There is an entity called the Open Philanthropy Project that is funded largely from the personal fortune of billionaire Dustin Moskovitz and his wife, Cari Tuna.

Moskovitz is a co-founder of Facebook.

One focus area of the Open Philanthropy Project (OPP) is a “farm animal welfare” program, which falls under its policy efforts.

The program seeks to reform or bring an end to animal agriculture, and it has been a significant investor in rival products. Among them is an undisclosed amount of funding to Impossible Foods for “accelerating the development of multiple food categories” based on plants.

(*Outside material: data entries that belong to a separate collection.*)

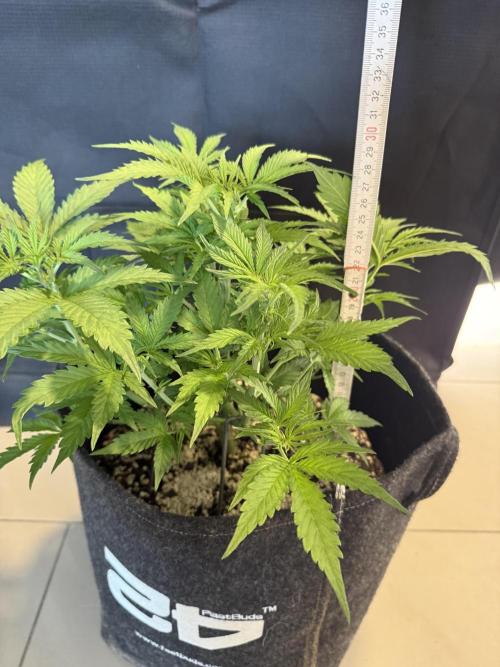 🦍🍪. Week 5
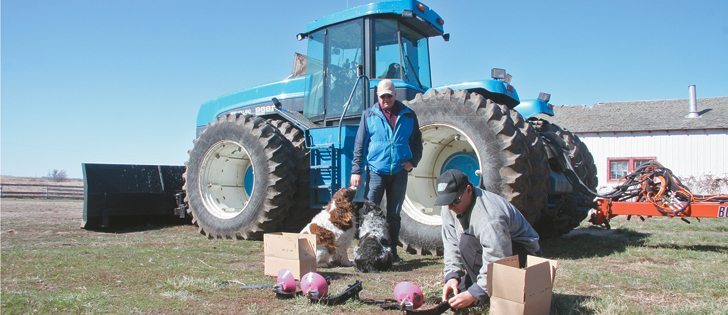 Vern, left, and Travis Schaab, above, are getting ready to seed in the earliest spring they have seen in five years. Tracey Schaab, bottom photo, is a cat fancier whose current breed includes these chamois smooth Sphynx.  |  Karen Morrison photo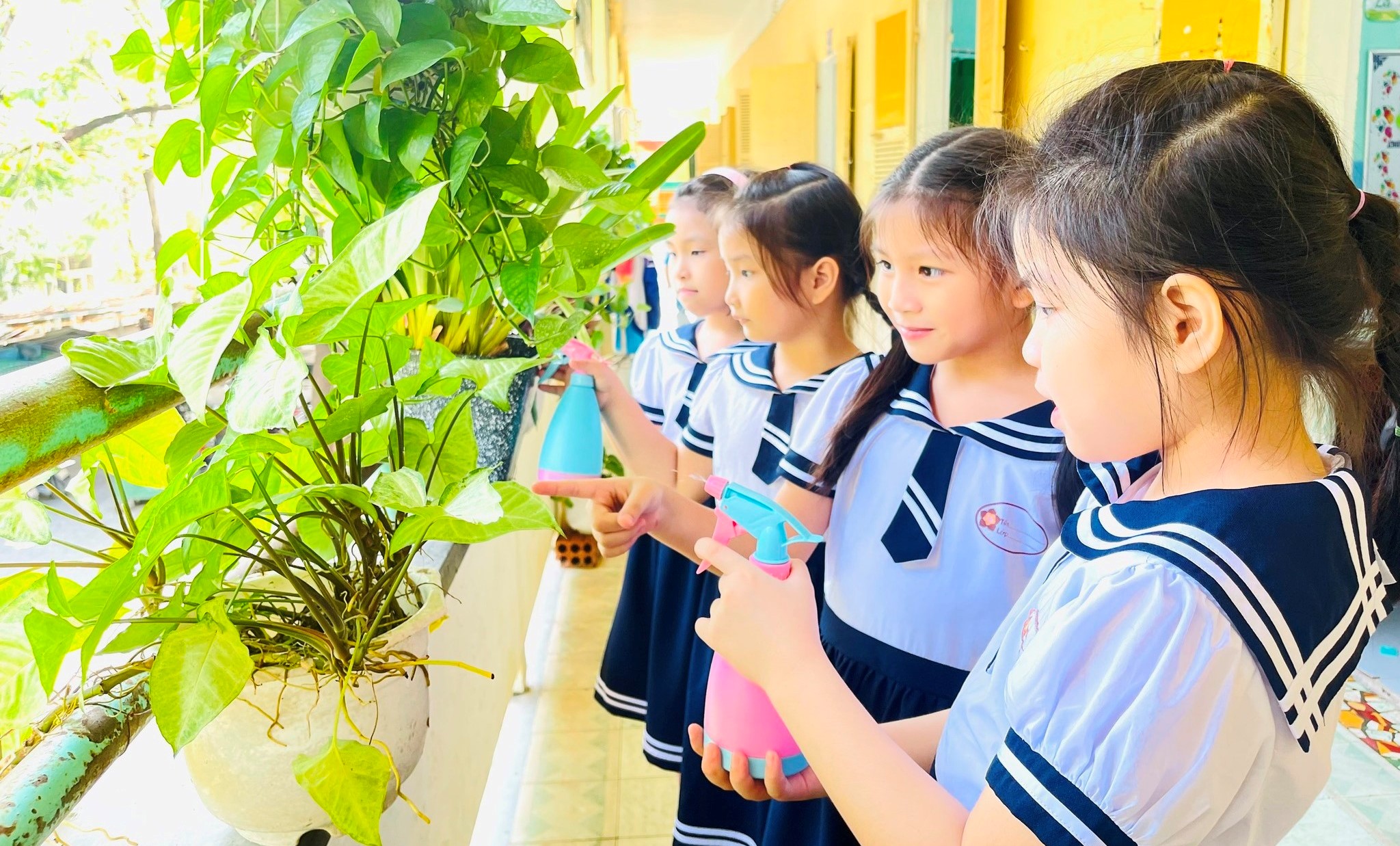 Xây dựng trường học không rác thải nhựa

The OPP says about its policy work: “We’re interested in supporting people and organizations working to improve policy via research, public education, and other activities. … We think of our work on U.S. policy as high-risk and high-reward, with generally long time horizons. It’s hard to predict where political opportunities will arise, and how long they’ll last.”

In November 2017, the Open Philanthropy Project announced a two-year grant award from its farm animal program in the amount of $886,600 to benefit The Guardian media outlet.

The grant was specifically to support “journalism on factory farming and farm animal cruelty.” The grant money is meant to “allow The Guardian to increase its reporting output on issues related to factory farming, including publishing approximately one article per week as well as the creation of multimedia content.”

The grant was described as “both an opportunity to learn valuable lessons about the efficacy of media sponsorship, as well as an opportunity to increase the salience of farm animal welfare issues amongst influential journalists, policymakers, and business leaders” by the farm animal program officer, Lewis Bollard.

“Salience” is a fancy word for “importance” and/or “prominence.”

This kind of influence campaign – with advocacy disguised as journalism – is an example of how the philanthropy seeks to amplify and extend its policy efforts against livestock agriculture.

The Guardian media outlet says that the “only restriction to the Guardian’s coverage” is where there is a prohibition “under US law from directly funding or earmarking funds to be used in an attempt to influence legislation.”

The Guardian has expressly stated that it will rely on other OPP grant recipients for sources of information in its reports that are produced as part of the OPP grant: “The Open Philanthropy Project also funds a number of farm animal welfare groups and projects: at times, if these groups have expertise in the areas covered in a specific investigation or story, the Guardian will speak to these groups for comment and expertise.”

This arrangement with related grant recipients extends the influence campaign on behalf of the Open Philanthropy Project.